Exercise inputs:
================
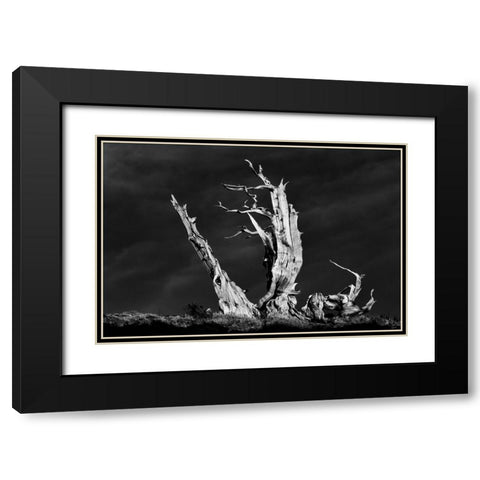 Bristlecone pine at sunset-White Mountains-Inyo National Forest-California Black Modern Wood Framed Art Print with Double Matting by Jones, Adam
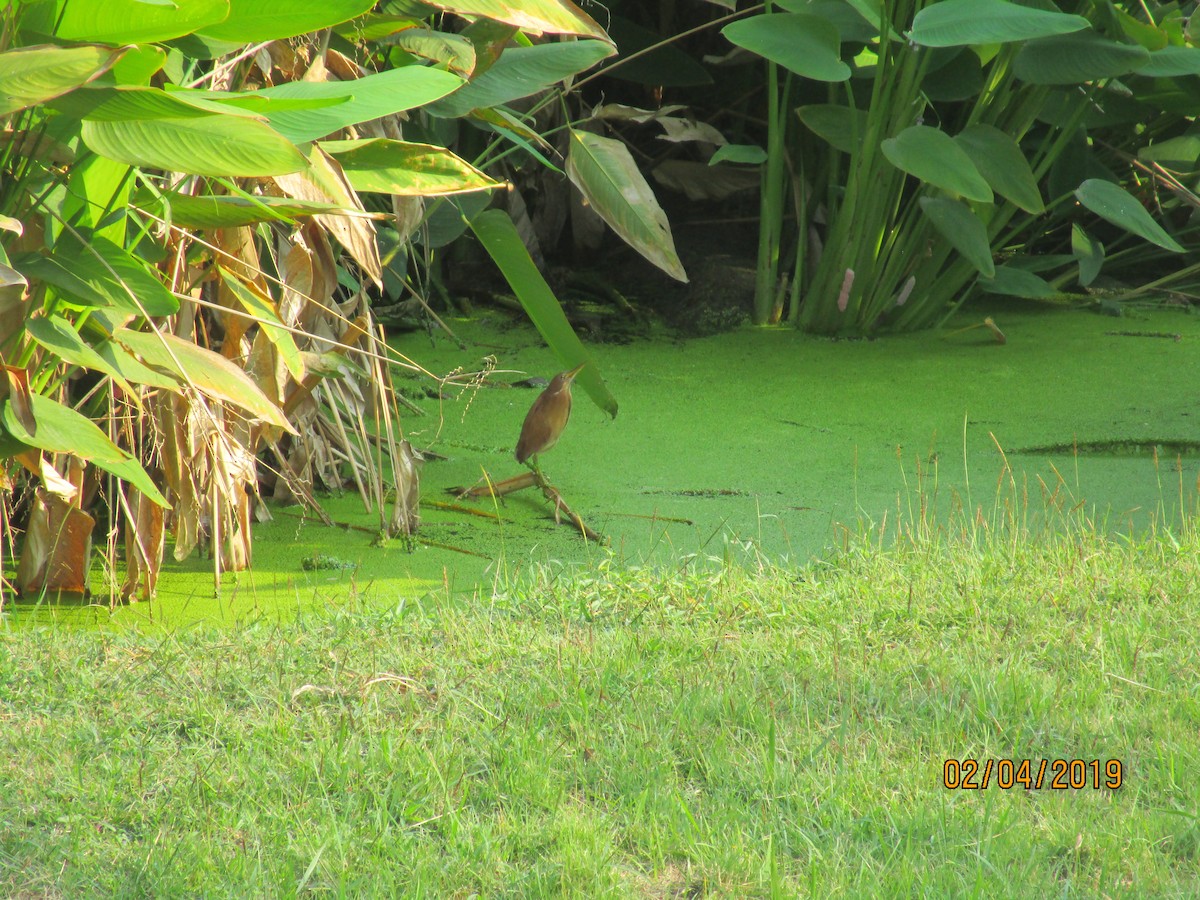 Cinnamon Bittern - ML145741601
================
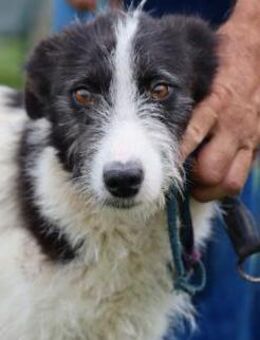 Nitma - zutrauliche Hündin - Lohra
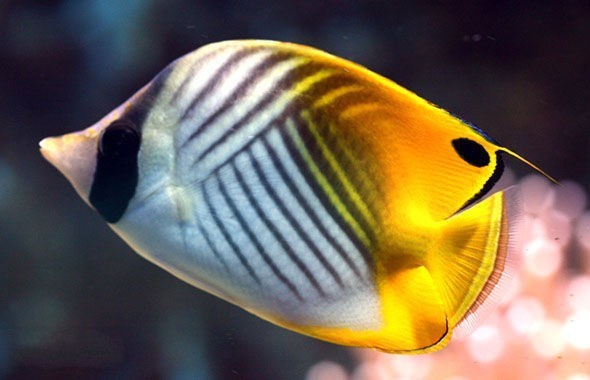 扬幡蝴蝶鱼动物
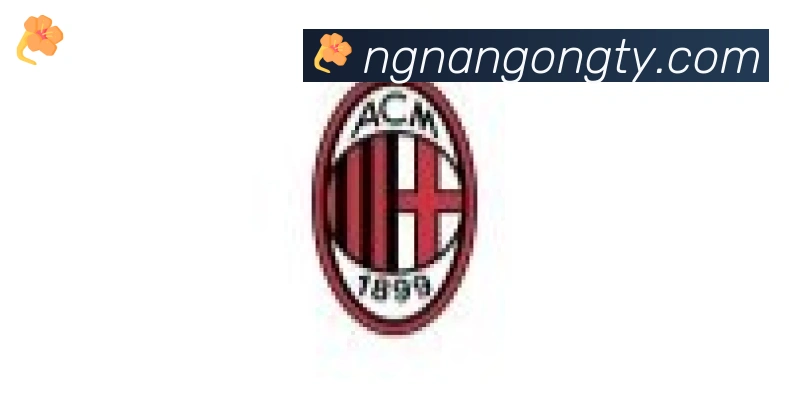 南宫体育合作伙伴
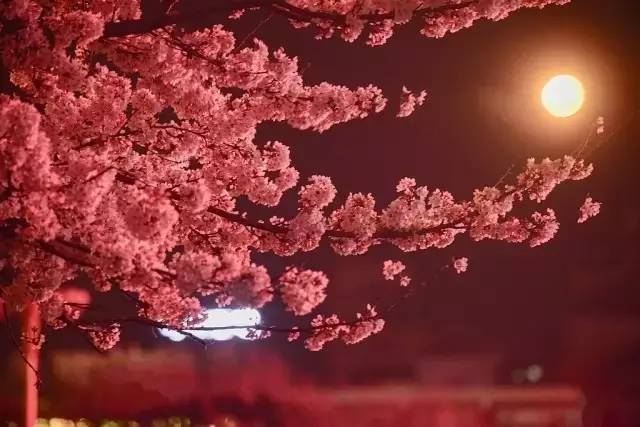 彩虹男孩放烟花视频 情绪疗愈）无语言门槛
================
What is needed:
Among the entries above, copy exactly the stretch from the line holding "Bristlecone pine at" through the line holding "Cinnamon Bittern - ML145741601", leaving out any pictures.

Response to the exercise:
 Bristlecone pine at sunset-White Mountains-Inyo National Forest-California Black Modern Wood Framed Art Print with Double Matting by Jones, Adam
 Cinnamon Bittern - ML145741601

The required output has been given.